I don't have (or route) IPv6 but nothing stops an IPv4 lookup requesting and getting an IPv6 response. The primary machine doing the queries on my LAN is a corporate machine (typically on a VPN) and has IPv6 enabled. I think the other queries (when I see them) are hitting the (then) cached result.

That's an interesting find, thank you. :slight_smile:
My upstream unbound does return an empty AAAA record for dns.msftncsi.com , so this completely escaped me. Virtually every other DNS server I tried (including all of Pi-hole's tickable upstreams) returned that ULA address - which seems outright wrong to me.

Now, if you exempt that domain via rebind-domain-ok, you would half-way open the door for a successful DNS rebind attack via dns.msftncsi.com.

Instead of allowing that, blocking those misconfigured AAAA records for dns.msftncsi.com would seem the better choice.
Add the following regex to your blocked domains

dns.msftncsi.com;querytype=aaaa

Note that doing so may or may not confuse Windows connectivity checks for IPv6, although connection attempts to the original fd3e:4f5a:5b81::1 would fail anyway (unless your router by chance happens to use that very ULA prefix and interface identifier for itself).
Your network does not have IPv6 connectivity anyway, so that may be irrelevant in your specific case.

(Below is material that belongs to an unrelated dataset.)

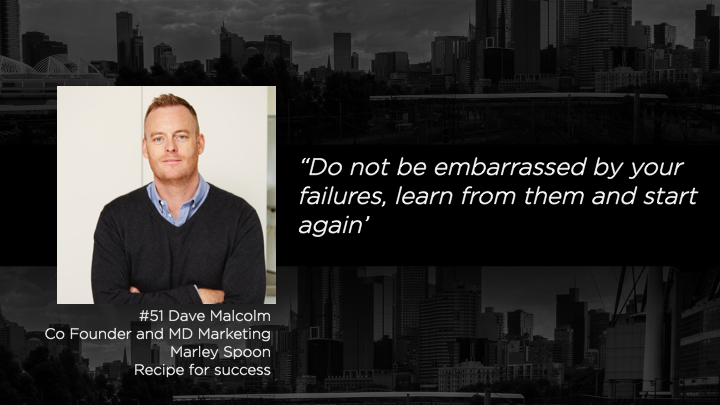 Dave Malcolm - Co Founder and MD Marketing - Marley Spoon Recipe for Success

So all in all, to find the cause for a possible DNS-rebind attack detected: name.domain warning, you should run the following command sequentially against all your configured upstreams (including any Conditional Forwarding target IPs):

nslookup name.domain dns.ser.ver.ip

in your case e.g.

nslookup -p=9001 dns.msftncsi.com 10.74.90.136

(where -p=9001 is additionally necessary for your custom port).

If you spot any private range IP addresses in the results, you've found the trigger for the rebind warning.

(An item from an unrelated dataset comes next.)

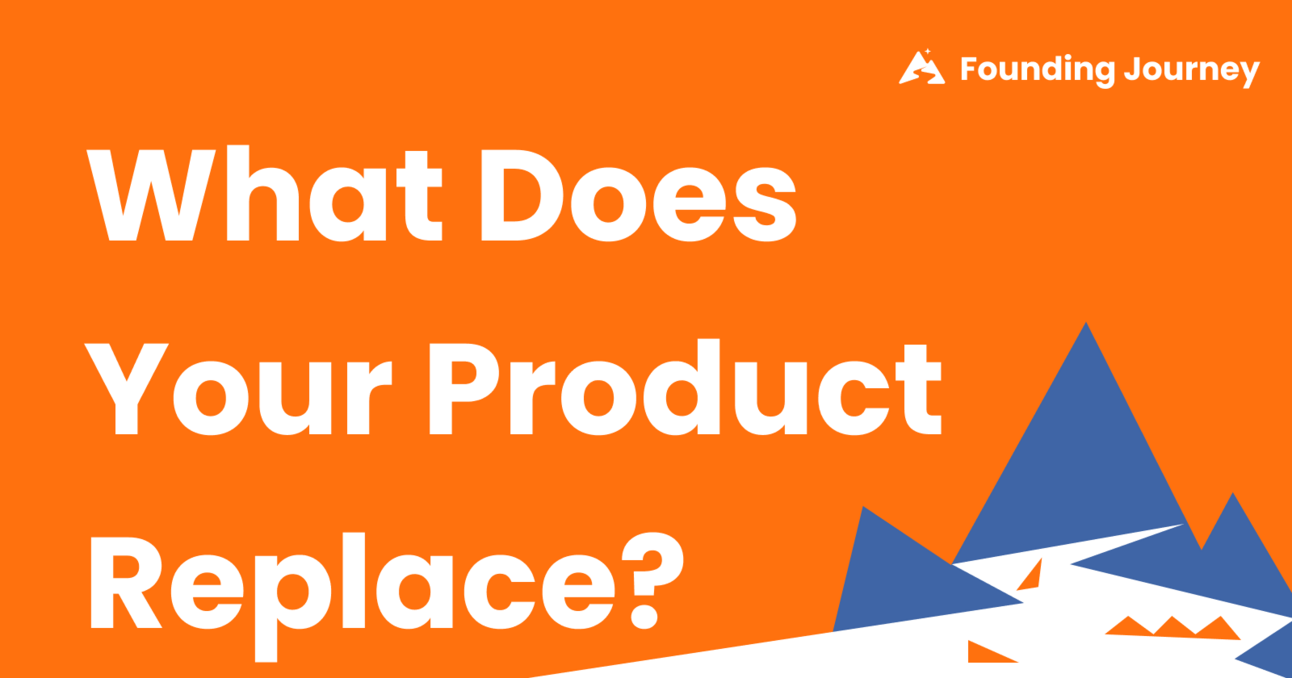 What Does Your Product Replace?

You then have a choice of switching to a DNS server that does not supply a private IP address result, blocking that specific domain or record, or defining an exemption via rebind-domain-ok=name.domain.
I'd recommend the latter strictly to be used for local hostnames only, and resort to one of the former two for public domains.

(EDIT: I took the freedom to change your topic's title to include dns.msftncsi.com, so other users stumbling over that same warning may find your post more easily.)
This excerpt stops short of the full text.